Kenaikan tersebut akan berkisar antara 1 hingga 2 persen dari total keseluruhan ongkos produksi dan logistik industri.

"Kalau industri mamin hitungan saya, BBM itu akan pengaruh paling besar ke loigstik, baik itu di hulunya bahan baku maupun di hilirnya produk jadinya. Kalau di industrinya sendiri kita sudah terbukti tangguh," ujar Ketua Umum Gapmmi Adhi S Lukman saat ditemui di Jakarta, Rabu, 31 Agustus.

Adhi menilai, dengan asumsi peningkatan harga BBM subsidi sebesar 30 persen dari harga saat ini, akan berpengaruh sekitar 1 sampai 2 persen pada ongkos logistik dari kondisi sebelumnya. 

Adhi merinci, BBM memiliki kontribusi sekitar 50 persen dari keseluruhan ongkos logistik dan sisanya adalah biaya untuk biaya supir, tol, dan lain sebagainya.
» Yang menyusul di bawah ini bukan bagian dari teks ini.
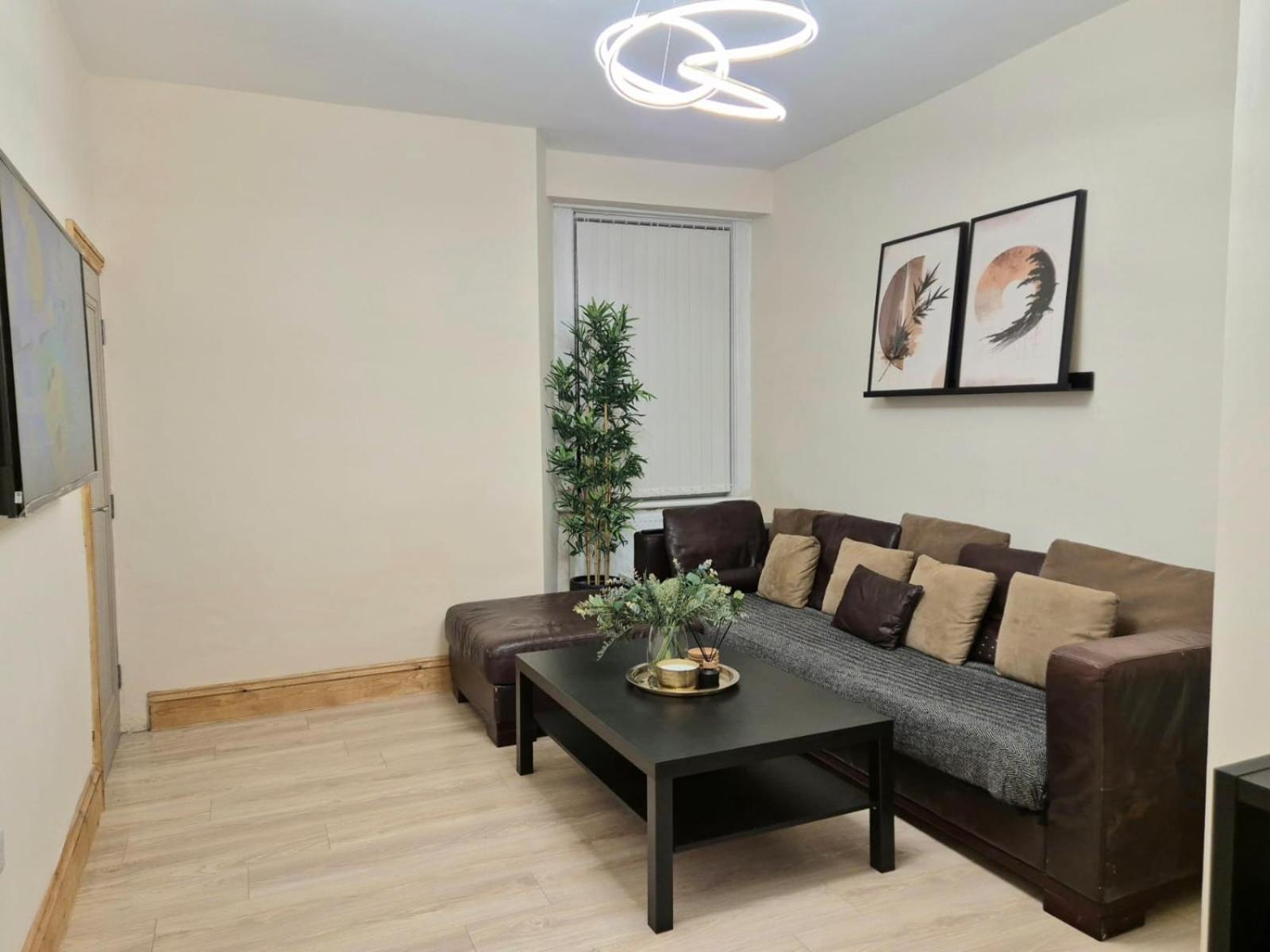 Rooms In Manchester 6 Minutes Drive To Victoria Station Esterno foto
Sementara itu ongkos logistik memiliki kontribusi sekitar 4 hingga 10 persen terhadap keseluruhan biaya produksi sehingga rata-rata omgkos logistik.
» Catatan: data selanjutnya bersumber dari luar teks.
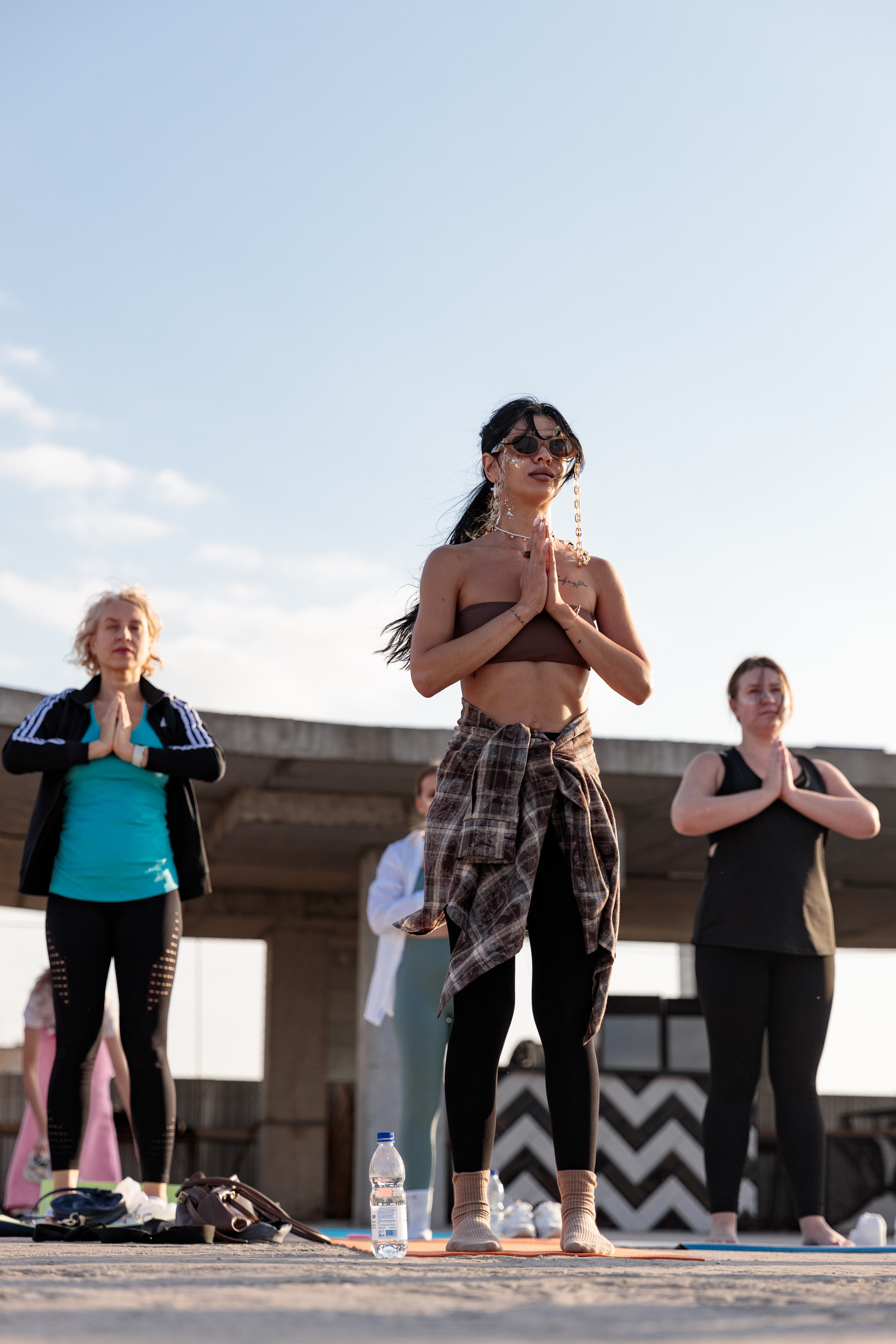Йога на крыше манежа. Арт фотограф в Саратове, Александр Леонтьев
"Rata-rata pengaruh logistik itu distribusi sekitar 4 hingga 8 persen tergantung dari nilai barangnya. Semakin mahal semakin kecil persentasenya," lanjut Adhi.

Meski demikian, Adhi menuturkan pihaknya lebih memilih untuk mengurangi margin profit ketimbang menaikkan harga jual produk di pasar demi menjaga daya beli masyarakat.

Selain itu, menurutnya, menaikkan harga makanan olahan tidaklah gampang karena memiliki rantai pasok dan negosiasi dengan ritel yang cukup panjang.

"Jadi kita lebih baik sampai akhir tahun ini kita coba mengurangi margin saja dulu, sambil kita berproses melakukan inovasi dan efisiensi, supaya penurunan marginnya tidak terlalu berat," kata Adhi.

Adhi berkeyakinan, kenaikan harga BBM ini tidak begitu memengaruhi kenaikan pada harga pangan di tanah air.

Pasalnya, harga bahan baku pangan mulai menunjukkan tren penurunan dalam beberapa waktu terakhir.

"Kebetulan kita sangat beruntung sekali, tren harga komoditi sudah mulai menurun dan tidak setinggi Maret sampai Mei. Maret sampai Mei aja kita bertahan, masa kita sekarang tidak bertahan?," pungkasnya.